Like lemons (and limes), the peelings are toxic and dangerous if your dog eats them.
Many dogs love peaches. There is nothing wrong with the flesh of the fruit, but you should not let your retriever eat the pit or the seed. It is can be a serious choking risk for your dog.
Peanut butter is a great treat for your dog. You need to limit how much you give him. Peanut butter has a lot of calories, but the fat in this little treat is the heart-healthy kind. It also has Vitamins B and E.
Raw, unsalted peanut butter is your best choice because it does not contain xylitol. Xylitol is a substitute for sugar and excessive amounts can be toxic to dogs.
Unlike other nuts, peanuts are a good snack for Labradors. Like peanut butter (for obvious reasons), peanuts have loads of heart-healthy fats. It is best to avoid salted peanuts to help keep your dog’s sodium intake to a minimum.
Also, extra levels of fat can cause pancreas problems down the road.
Popcorn is fine for dogs to eat.
Air-popped corn is probably the best for your dog. Anything you do in the microwave will have other added ingredients like butter and oil. These have excess fats and calories that you should help your dog avoid.
You need to make sure that all of the kernels get popped so that your dog does not end up choking on its snack.
Pork is fine for your dog as long as it is completely cooked and is not seasoned. Several of the most common seasonings, like garlic and onion powder, are very toxic to dogs.
You should avoid processed pork like bacon and ham. The sodium levels in these processed meats are dangerously high for dogs.
If your dog eats cooked potatoes, he will be fine. Because of potatoes have a lot of carbs, they will lead to your dog gaining weight. So, this is another food that is on the list because your dog won’t die if he eats it, not because I think that it is something you should feed your dog.
This is one of the ingredients of some high-quality dog foods. This nutrient dense food is a great substitute for corn, wheat, and other starches.
This is another common ingredient in dry dog food. Dogs can eat rice plain or cooked; brown or white. They digest rice very easily and rice is rumored to calm upset stomachs.
You can give it to them plain, or add some cooked chicken or turkey for a protein boost at the end of a hunt test.
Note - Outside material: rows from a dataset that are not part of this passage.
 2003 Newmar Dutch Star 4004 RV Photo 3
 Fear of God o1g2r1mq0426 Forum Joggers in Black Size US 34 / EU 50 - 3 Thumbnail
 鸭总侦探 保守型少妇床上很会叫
Shrimp is one of those foods that your dog can eat, if you are willing to put in a little extra prep. Before you give your dog shrimp, you need to remove the tail, legs, shell, and it has to be completely cooked because raw shrimp can make your dog sick.
Once you have cooked the shrimp and removed the shell, tail, and legs, it is a great, protein-rich treat that your dog will probably love.
These are great treats because they are low calorie but high in nutrients. If you have large strawberries, then it is best if you cut them up to avoid a choking incident.
I would avoid giving your dog a lot of canned tuna because it has sodium and mercury in it. Both of which, at high levels, can be toxic to dogs. Every now and then is probably not a problem, but avoid doing it on a regular basis.
Cooked tuna is a great treat for your dog that provides omega-3 fatty acids which are good for your Labrador’s heart. Make sure, if you are preparing tuna for your dog, that you do not add any spices. Many of the spices we cook with will make your dog sick.
Turkey is another food Labradors can eat—with conditions.
For example, make sure it is not covered in garlic or other seasonings. You should also remove as much fat and skin from the meat as you can.
Don’t give your retriever turkey bones. Poultry bones are more likely to splinter and block or tear the intestines.